Akro Agate began marble production late in 1914. In 1919, the company hired John F. Early, who as General Superintendent, expanded Akro's operations and made major improvements to Hill's machines. A major enhancement was made in 1926 which allowed for more precision in the rounding of marbles (Patent #1761623). This also completely did away with having to hand-gather the glass prior to placing it in the marble-shaping machinery. A second improvement a couple years later (Patent #1880916) more than doubled the production capacity of Akro's machines. The patent for this was approved in 1932, but by this time Early had left Akro Agate (on May 1, 1930, to be exact).

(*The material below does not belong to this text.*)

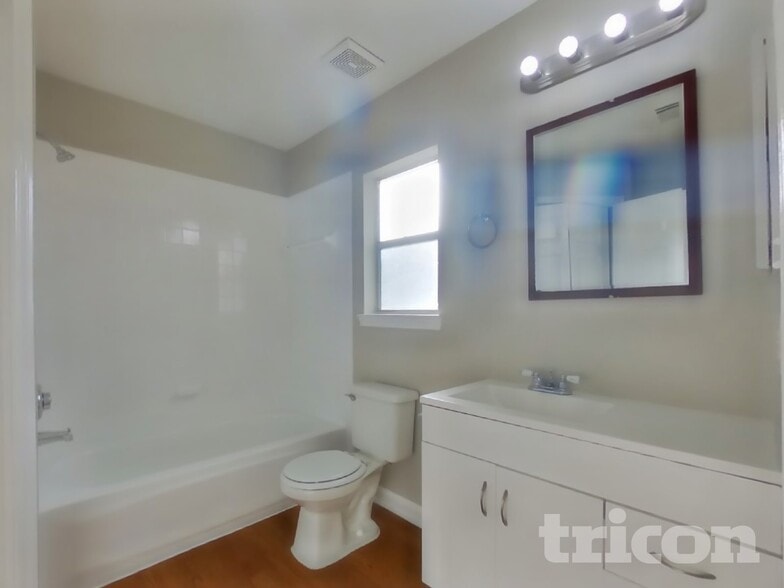 Building Photo - 3114 Boynton Dr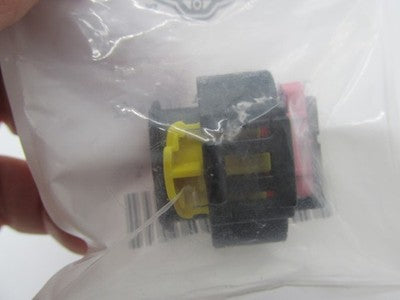 Harley Davidson Genuine NOS 4-Way Socket Housing 72406-07A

During the 1920s Akro Agate grew into the leading manufacturer of marbles thanks in large part to Early's innovations. Also, Arnold Fiedler, who later supplied Christensen Agate with its unique glass colors, worked for Akro Agate until 1926 and brought to the company his skills in glass mixing, which lent to Akro's marbles beautiful and vibrant eye appeal.
The 1930s saw some troubles for Akro Agate, as some of their key employees resigned at the beginning of the decade. Some of these went on the form the Master Marble Company. Sales of marbles declined everywhere toward the latter years of the decade and slowed even more in the subsequent decade. Akro began producing other glass objects during this period, including ashtrays, powder jars, jardinieres, vases, decorative flower pots, candlesticks, bowls, dishes, and more. These met with moderate success. Their line of colorful children's dishes did not sell well at first, but with the onset of America's involvement in World War II and the concomitant halt of imported Japanese toys they soon became more popular. However, this diversification did not pull Akro Agate from its decline, and by 1951 it closed down for good.

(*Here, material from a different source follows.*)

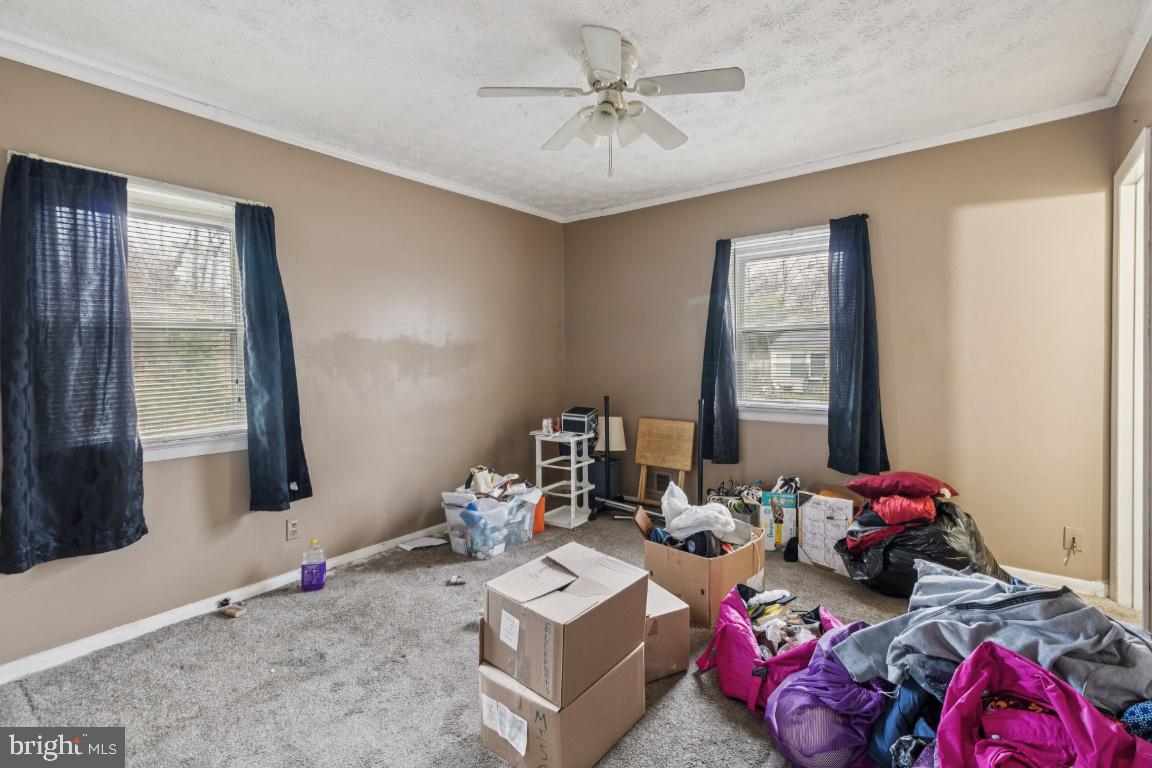 WHITFIELD KNOLLS - Residential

The Akro Agate factory site as it exists today covers some two acres. Late in 1997 and into early 1998 one of the buildings was demolished, revealing large numbers of discarded marbles beneath the foundation. Many experimental types, which were rejected by the company, were discovered due to this incident. This find was termed the "Old Annex" site. Toward the end of 1998 an additional discovery was made in the drainage system used by the factory. Dubbed the "French Drain" site, it yielded multitudes of marbles, again many of them experimental varieties that did not "make the grade." Several new oxblood marble types have entered the market as a consequence of the frantic digging that took place here. Apparently, digging at the site continues to this day, though it is illegal to do so.